==== SUPPLIED RECORDS

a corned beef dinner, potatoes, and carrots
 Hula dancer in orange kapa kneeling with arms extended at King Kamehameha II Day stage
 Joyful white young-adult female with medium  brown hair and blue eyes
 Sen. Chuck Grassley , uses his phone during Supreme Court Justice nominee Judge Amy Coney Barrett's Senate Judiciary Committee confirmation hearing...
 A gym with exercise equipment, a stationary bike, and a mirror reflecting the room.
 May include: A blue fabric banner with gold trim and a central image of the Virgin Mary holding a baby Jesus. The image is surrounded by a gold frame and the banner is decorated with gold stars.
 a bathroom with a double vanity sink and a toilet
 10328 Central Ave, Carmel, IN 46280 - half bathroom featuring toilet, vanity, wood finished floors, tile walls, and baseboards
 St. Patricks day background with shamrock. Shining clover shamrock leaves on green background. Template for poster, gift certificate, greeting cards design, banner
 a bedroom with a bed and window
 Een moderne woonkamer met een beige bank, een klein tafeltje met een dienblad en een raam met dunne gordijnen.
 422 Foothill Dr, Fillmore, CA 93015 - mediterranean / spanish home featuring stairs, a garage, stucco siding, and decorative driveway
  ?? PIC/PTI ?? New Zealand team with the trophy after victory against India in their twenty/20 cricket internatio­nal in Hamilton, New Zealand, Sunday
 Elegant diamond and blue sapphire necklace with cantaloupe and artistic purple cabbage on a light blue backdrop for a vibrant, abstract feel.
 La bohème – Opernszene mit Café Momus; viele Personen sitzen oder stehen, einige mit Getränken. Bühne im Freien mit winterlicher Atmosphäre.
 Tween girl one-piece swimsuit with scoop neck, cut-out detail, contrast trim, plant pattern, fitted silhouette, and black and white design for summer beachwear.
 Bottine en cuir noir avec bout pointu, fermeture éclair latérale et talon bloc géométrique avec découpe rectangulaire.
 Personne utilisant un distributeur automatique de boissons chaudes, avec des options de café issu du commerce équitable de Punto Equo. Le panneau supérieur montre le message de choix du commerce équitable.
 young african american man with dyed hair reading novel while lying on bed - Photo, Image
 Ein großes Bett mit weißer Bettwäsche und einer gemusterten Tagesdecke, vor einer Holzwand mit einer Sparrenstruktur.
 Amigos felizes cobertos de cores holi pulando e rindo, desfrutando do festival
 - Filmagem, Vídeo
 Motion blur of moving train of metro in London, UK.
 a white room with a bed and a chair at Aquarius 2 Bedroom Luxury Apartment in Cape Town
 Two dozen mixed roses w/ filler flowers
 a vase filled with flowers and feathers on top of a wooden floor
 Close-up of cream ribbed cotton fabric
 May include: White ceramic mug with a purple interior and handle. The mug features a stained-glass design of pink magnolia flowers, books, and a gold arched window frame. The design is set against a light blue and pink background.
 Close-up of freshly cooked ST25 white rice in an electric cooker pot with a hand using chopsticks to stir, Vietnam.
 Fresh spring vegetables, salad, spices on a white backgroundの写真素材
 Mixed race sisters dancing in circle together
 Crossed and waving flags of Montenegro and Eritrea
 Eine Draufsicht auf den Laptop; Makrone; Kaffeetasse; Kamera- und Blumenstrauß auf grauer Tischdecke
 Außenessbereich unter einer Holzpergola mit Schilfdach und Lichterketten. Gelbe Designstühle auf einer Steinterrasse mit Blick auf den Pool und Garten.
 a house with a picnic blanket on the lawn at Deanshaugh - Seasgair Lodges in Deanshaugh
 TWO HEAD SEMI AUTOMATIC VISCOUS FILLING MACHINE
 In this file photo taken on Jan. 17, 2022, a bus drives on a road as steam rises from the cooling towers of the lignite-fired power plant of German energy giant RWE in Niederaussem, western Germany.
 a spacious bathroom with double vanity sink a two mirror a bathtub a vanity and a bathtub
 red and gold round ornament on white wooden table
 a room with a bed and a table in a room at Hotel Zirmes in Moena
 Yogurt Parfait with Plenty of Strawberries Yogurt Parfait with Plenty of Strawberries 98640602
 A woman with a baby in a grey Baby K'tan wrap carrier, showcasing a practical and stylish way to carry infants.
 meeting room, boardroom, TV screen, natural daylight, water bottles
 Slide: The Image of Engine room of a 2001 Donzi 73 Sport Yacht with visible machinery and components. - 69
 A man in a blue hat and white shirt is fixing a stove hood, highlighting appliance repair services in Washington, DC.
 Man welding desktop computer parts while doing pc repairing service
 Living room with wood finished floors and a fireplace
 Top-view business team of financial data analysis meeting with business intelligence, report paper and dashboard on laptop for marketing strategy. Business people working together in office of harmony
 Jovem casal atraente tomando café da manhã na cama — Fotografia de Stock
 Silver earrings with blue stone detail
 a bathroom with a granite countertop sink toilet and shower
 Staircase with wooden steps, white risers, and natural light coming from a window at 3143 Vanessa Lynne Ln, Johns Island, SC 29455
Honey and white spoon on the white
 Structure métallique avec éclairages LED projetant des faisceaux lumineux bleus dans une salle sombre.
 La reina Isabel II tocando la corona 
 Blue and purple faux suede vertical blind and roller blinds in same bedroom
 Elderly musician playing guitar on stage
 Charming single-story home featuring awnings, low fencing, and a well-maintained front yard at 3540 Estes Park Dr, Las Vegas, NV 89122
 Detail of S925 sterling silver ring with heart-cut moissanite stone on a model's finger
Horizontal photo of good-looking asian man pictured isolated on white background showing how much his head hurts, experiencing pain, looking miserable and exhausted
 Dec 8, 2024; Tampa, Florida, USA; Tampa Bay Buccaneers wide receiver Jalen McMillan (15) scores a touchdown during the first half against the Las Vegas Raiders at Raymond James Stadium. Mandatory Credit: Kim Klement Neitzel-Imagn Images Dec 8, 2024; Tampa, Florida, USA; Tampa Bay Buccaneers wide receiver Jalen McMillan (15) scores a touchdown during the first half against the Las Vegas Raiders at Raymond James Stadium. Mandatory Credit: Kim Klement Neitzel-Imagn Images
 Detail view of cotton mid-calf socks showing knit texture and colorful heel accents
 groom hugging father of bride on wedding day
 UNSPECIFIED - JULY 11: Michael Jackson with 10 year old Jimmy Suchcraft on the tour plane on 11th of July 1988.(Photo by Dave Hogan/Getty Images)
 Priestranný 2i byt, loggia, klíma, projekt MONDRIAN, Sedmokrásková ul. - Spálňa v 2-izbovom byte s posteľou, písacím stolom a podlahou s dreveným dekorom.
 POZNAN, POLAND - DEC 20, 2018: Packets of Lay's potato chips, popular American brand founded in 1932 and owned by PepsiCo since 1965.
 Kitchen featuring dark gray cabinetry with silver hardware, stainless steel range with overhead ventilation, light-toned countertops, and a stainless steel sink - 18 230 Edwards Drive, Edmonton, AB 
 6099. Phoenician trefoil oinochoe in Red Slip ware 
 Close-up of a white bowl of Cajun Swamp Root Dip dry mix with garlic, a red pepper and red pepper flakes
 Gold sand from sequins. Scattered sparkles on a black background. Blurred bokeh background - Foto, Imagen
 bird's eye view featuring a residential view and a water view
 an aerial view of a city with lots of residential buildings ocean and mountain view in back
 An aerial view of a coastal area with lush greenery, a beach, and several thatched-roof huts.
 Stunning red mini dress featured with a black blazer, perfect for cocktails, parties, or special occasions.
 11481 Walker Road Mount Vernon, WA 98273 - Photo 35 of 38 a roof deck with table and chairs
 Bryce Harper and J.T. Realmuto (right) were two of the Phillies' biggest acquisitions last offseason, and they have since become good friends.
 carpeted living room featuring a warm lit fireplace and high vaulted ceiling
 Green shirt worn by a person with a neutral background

========

> _TASK INSTRUCTIONS_
Transcribe each entry precisely, missing none.

> _ANSWER BOX_
a corned beef dinner, potatoes, and carrots
 Hula dancer in orange kapa kneeling with arms extended at King Kamehameha II Day stage
 Joyful white young-adult female with medium  brown hair and blue eyes
 Sen. Chuck Grassley , uses his phone during Supreme Court Justice nominee Judge Amy Coney Barrett's Senate Judiciary Committee confirmation hearing...
 A gym with exercise equipment, a stationary bike, and a mirror reflecting the room.
 May include: A blue fabric banner with gold trim and a central image of the Virgin Mary holding a baby Jesus. The image is surrounded by a gold frame and the banner is decorated with gold stars.
 a bathroom with a double vanity sink and a toilet
 10328 Central Ave, Carmel, IN 46280 - half bathroom featuring toilet, vanity, wood finished floors, tile walls, and baseboards
 St. Patricks day background with shamrock. Shining clover shamrock leaves on green background. Template for poster, gift certificate, greeting cards design, banner
 a bedroom with a bed and window
 Een moderne woonkamer met een beige bank, een klein tafeltje met een dienblad en een raam met dunne gordijnen.
 422 Foothill Dr, Fillmore, CA 93015 - mediterranean / spanish home featuring stairs, a garage, stucco siding, and decorative driveway
  ?? PIC/PTI ?? New Zealand team with the trophy after victory against India in their twenty/20 cricket internatio­nal in Hamilton, New Zealand, Sunday
 Elegant diamond and blue sapphire necklace with cantaloupe and artistic purple cabbage on a light blue backdrop for a vibrant, abstract feel.
 La bohème – Opernszene mit Café Momus; viele Personen sitzen oder stehen, einige mit Getränken. Bühne im Freien mit winterlicher Atmosphäre.
 Tween girl one-piece swimsuit with scoop neck, cut-out detail, contrast trim, plant pattern, fitted silhouette, and black and white design for summer beachwear.
 Bottine en cuir noir avec bout pointu, fermeture éclair latérale et talon bloc géométrique avec découpe rectangulaire.
 Personne utilisant un distributeur automatique de boissons chaudes, avec des options de café issu du commerce équitable de Punto Equo. Le panneau supérieur montre le message de choix du commerce équitable.
 young african american man with dyed hair reading novel while lying on bed - Photo, Image
 Ein großes Bett mit weißer Bettwäsche und einer gemusterten Tagesdecke, vor einer Holzwand mit einer Sparrenstruktur.
 Amigos felizes cobertos de cores holi pulando e rindo, desfrutando do festival
 - Filmagem, Vídeo
 Motion blur of moving train of metro in London, UK.
 a white room with a bed and a chair at Aquarius 2 Bedroom Luxury Apartment in Cape Town
 Two dozen mixed roses w/ filler flowers
 a vase filled with flowers and feathers on top of a wooden floor
 Close-up of cream ribbed cotton fabric
 May include: White ceramic mug with a purple interior and handle. The mug features a stained-glass design of pink magnolia flowers, books, and a gold arched window frame. The design is set against a light blue and pink background.
 Close-up of freshly cooked ST25 white rice in an electric cooker pot with a hand using chopsticks to stir, Vietnam.
 Fresh spring vegetables, salad, spices on a white backgroundの写真素材
 Mixed race sisters dancing in circle together
 Crossed and waving flags of Montenegro and Eritrea
 Eine Draufsicht auf den Laptop; Makrone; Kaffeetasse; Kamera- und Blumenstrauß auf grauer Tischdecke
 Außenessbereich unter einer Holzpergola mit Schilfdach und Lichterketten. Gelbe Designstühle auf einer Steinterrasse mit Blick auf den Pool und Garten.
 a house with a picnic blanket on the lawn at Deanshaugh - Seasgair Lodges in Deanshaugh
 TWO HEAD SEMI AUTOMATIC VISCOUS FILLING MACHINE
 In this file photo taken on Jan. 17, 2022, a bus drives on a road as steam rises from the cooling towers of the lignite-fired power plant of German energy giant RWE in Niederaussem, western Germany.
 a spacious bathroom with double vanity sink a two mirror a bathtub a vanity and a bathtub
 red and gold round ornament on white wooden table
 a room with a bed and a table in a room at Hotel Zirmes in Moena
 Yogurt Parfait with Plenty of Strawberries Yogurt Parfait with Plenty of Strawberries 98640602
 A woman with a baby in a grey Baby K'tan wrap carrier, showcasing a practical and stylish way to carry infants.
 meeting room, boardroom, TV screen, natural daylight, water bottles
 Slide: The Image of Engine room of a 2001 Donzi 73 Sport Yacht with visible machinery and components. - 69
 A man in a blue hat and white shirt is fixing a stove hood, highlighting appliance repair services in Washington, DC.
 Man welding desktop computer parts while doing pc repairing service
 Living room with wood finished floors and a fireplace
 Top-view business team of financial data analysis meeting with business intelligence, report paper and dashboard on laptop for marketing strategy. Business people working together in office of harmony
 Jovem casal atraente tomando café da manhã na cama — Fotografia de Stock
 Silver earrings with blue stone detail
 a bathroom with a granite countertop sink toilet and shower
 Staircase with wooden steps, white risers, and natural light coming from a window at 3143 Vanessa Lynne Ln, Johns Island, SC 29455
Honey and white spoon on the white
 Structure métallique avec éclairages LED projetant des faisceaux lumineux bleus dans une salle sombre.
 La reina Isabel II tocando la corona 
 Blue and purple faux suede vertical blind and roller blinds in same bedroom
 Elderly musician playing guitar on stage
 Charming single-story home featuring awnings, low fencing, and a well-maintained front yard at 3540 Estes Park Dr, Las Vegas, NV 89122
 Detail of S925 sterling silver ring with heart-cut moissanite stone on a model's finger
Horizontal photo of good-looking asian man pictured isolated on white background showing how much his head hurts, experiencing pain, looking miserable and exhausted
 Dec 8, 2024; Tampa, Florida, USA; Tampa Bay Buccaneers wide receiver Jalen McMillan (15) scores a touchdown during the first half against the Las Vegas Raiders at Raymond James Stadium. Mandatory Credit: Kim Klement Neitzel-Imagn Images Dec 8, 2024; Tampa, Florida, USA; Tampa Bay Buccaneers wide receiver Jalen McMillan (15) scores a touchdown during the first half against the Las Vegas Raiders at Raymond James Stadium. Mandatory Credit: Kim Klement Neitzel-Imagn Images
 Detail view of cotton mid-calf socks showing knit texture and colorful heel accents
 groom hugging father of bride on wedding day
 UNSPECIFIED - JULY 11: Michael Jackson with 10 year old Jimmy Suchcraft on the tour plane on 11th of July 1988.(Photo by Dave Hogan/Getty Images)
 Priestranný 2i byt, loggia, klíma, projekt MONDRIAN, Sedmokrásková ul. - Spálňa v 2-izbovom byte s posteľou, písacím stolom a podlahou s dreveným dekorom.
 POZNAN, POLAND - DEC 20, 2018: Packets of Lay's potato chips, popular American brand founded in 1932 and owned by PepsiCo since 1965.
 Kitchen featuring dark gray cabinetry with silver hardware, stainless steel range with overhead ventilation, light-toned countertops, and a stainless steel sink - 18 230 Edwards Drive, Edmonton, AB 
 6099. Phoenician trefoil oinochoe in Red Slip ware 
 Close-up of a white bowl of Cajun Swamp Root Dip dry mix with garlic, a red pepper and red pepper flakes
 Gold sand from sequins. Scattered sparkles on a black background. Blurred bokeh background - Foto, Imagen
 bird's eye view featuring a residential view and a water view
 an aerial view of a city with lots of residential buildings ocean and mountain view in back
 An aerial view of a coastal area with lush greenery, a beach, and several thatched-roof huts.
 Stunning red mini dress featured with a black blazer, perfect for cocktails, parties, or special occasions.
 11481 Walker Road Mount Vernon, WA 98273 - Photo 35 of 38 a roof deck with table and chairs
 Bryce Harper and J.T. Realmuto (right) were two of the Phillies' biggest acquisitions last offseason, and they have since become good friends.
 carpeted living room featuring a warm lit fireplace and high vaulted ceiling
 Green shirt worn by a person with a neutral background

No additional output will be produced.